If true freedom in Christ is not carrying the burden of our sin and brokenness with us, what does it truly me to pick up our cross and follow Jesus?
It has hit me recently that the burden we are bearing when we pick up our cross and follow Jesus is not the burden of our past and brokenness. It is the weight of glory that comes from sanctification. That may sound kind of funny. But take a moment and think about it.
Sanctification. Change. Growth. = Burden. Cross. Denying of Self.
These are all hard things in the moment. I have never been a big fan of change (as I think most people are). But over time I have learned that it is through these unexpected or hard changes that we grow the most.

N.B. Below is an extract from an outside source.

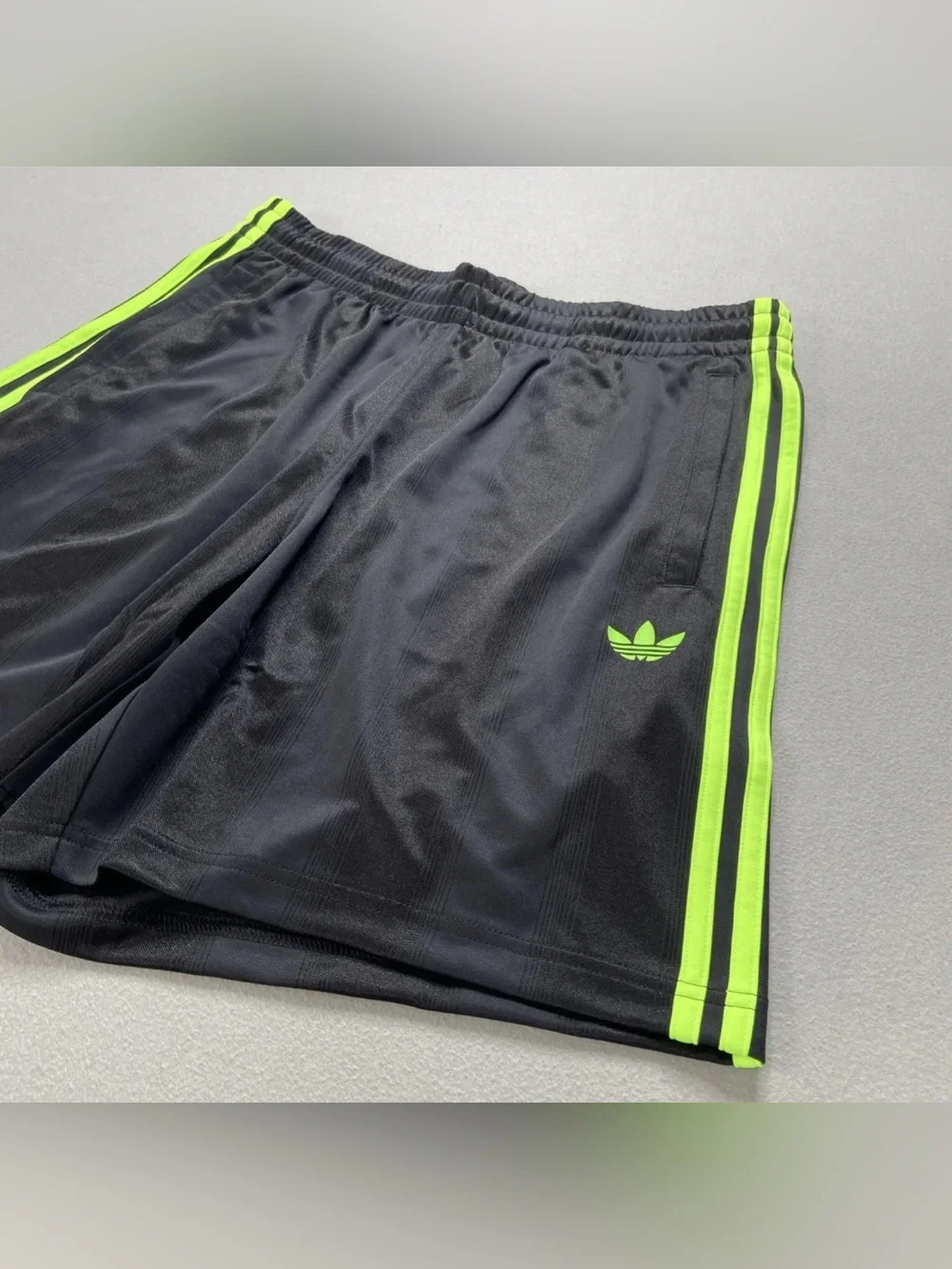 adidas Black Shorts with Neon Green Center Stripes adicolor jacquard JW5929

Recently, I have been wrestling with the question of, “How do I balance having confidence in my identity as a daughter of the Most High and understanding that I am a broken person who still deals with temptation and sin?”
Well, I have figured it out. It is not about balance. Our identity as children of God does not change, it is constant through and through. It is the process of sanctification that may seem hard and load bearing. But that is our cross.

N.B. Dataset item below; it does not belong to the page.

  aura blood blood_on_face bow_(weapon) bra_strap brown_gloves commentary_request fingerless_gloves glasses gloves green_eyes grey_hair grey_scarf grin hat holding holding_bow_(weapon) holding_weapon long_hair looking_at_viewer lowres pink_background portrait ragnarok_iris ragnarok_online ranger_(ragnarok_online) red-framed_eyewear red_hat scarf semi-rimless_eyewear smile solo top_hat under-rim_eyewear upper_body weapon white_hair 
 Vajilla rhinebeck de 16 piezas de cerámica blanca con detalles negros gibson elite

Growing up when I disobeyed my parents, they didn’t come to me and say, “Kristin, I don’t think this whole being our daughter thing is going to work out.” So when we disobey our parents does that make their kids any less their kids. Right? So why when it comes to God do we try to separate these two things.
When I asked the Lord to be my personal Lord and Savior I stepped under a banner of heir and kinship with Christ. So even in my missteps and brokenness I am still a daughter of the Most High God.
When you think about these two things together you can see that the weight of the cross is worth it because the burden I am bearing is for my good and God’s glory.
When we think of our cross in comparison to the Lords it definitely puts my struggles and trials into perspective. Christ bore the FULL burden of all of the past and future sins in one moment. So my minor load may seem HUGE in the moment, but take a birds eye view and we can see that the struggles we have are light and momentary.
“For this light momentary affliction is preparing for us an eternal weight of glory beyond all comparison, as we look not to the things that are seen but to the things that are unseen. For the things that are seen are transient, but the things that are unseen are eternal.” – 2 Corinthians 4:17-18
So with joy I will bear the burden of my cross because it isn’t about the now it is about the forever.